There was a distinct geography to patterns of representation. Sites of valorization were concentrated in the West, and were associated with Indigenous conquest, Manifest Destiny, and to a lesser extent, Mexican conquest. In contrast, acknowledgement was most common in and near the border of the Confederacy, specifically around sites related to the Underground Railroad. In general, NHLs were far more likely to acknowledge slavery than settler colonization. This indicates a willingness on the part of the nation to acknowledge slavery as part of its past, but an inability to recognize Native dispossession. Despite this, 54% of all plantation NHLs were silent on slavery. Interestingly, sites related to Native Americans were far more likely to be categorized as multicultural. Typically, this meant referring to Indigenous people as part of the “ancient” past, or framing Indigenous/Settler encounters as cultural exchanges, rather than in terms of displacement or genocide.
Although there were very few NHLs related to Asian Americans, they were most likely to be sites of acknowledgement compared to other groups. This is likely because Asian Americans, especially Japanese Americans, were active participants in the development of the sites from the beginning and thus shaped the narrative. Latinas/os were the most underrepresented of all minoritized populations in terms of NHLs.
Given that NHLs do not address the racial past in a substantial way, we explored what they did focus on. Forty-seven percent of all sites were nominated because of their architectural value. Indeed, there are more sites about Frank Lloyd Wright than there are of all Latina/o, Pacific-Islander, and Asian people combined. Another 19% are related to politics and government, and 15% of all sites were associated with the military. Only 3% of all sites centered on a female.
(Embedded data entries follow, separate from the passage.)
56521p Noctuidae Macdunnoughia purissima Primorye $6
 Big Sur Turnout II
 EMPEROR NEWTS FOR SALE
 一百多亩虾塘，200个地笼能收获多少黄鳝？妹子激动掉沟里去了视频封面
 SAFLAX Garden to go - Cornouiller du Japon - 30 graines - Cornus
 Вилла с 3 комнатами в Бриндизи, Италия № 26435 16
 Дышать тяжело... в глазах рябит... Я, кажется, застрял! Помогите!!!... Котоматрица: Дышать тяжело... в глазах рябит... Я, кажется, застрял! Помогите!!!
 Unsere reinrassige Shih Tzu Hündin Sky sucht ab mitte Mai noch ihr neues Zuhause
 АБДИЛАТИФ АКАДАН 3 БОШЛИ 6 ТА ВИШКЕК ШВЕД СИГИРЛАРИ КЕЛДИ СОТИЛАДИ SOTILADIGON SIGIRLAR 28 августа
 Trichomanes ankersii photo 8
Such profound levels of erasure not only reflect the nation’s difficulty in addressing the racial past, but we argue constitute a form of “white innocence.” White innocence is a refusal to acknowledge the centrality of white supremacy in the creation of the U.S. state, nation and territory. The white nation, that portion of the nation that foregrounds whiteness, has embraced innocence because given the U.S.’s history of racial and colonial violence, it fears that a meaningful racial reckoning might undermine the moral legitimacy of the nation. In this way, white innocence becomes a conceptual blockage to engaging with the full import of the racial past. Fortunately, the NPS has embarked on a clear shift in state-sanctioned commemoration, as it seeks to develop a more honest account of the past.
This project provided significant training opportunities for eight graduate students, most of whom were women of color, three undergraduate students, and directly contributed to two doctoral dissertations in geography. To date, members of the team have given well over a dozen presentations on the project and one scholarly publication has resulted to date. We are currently in the process of writing a book manuscript based on the results.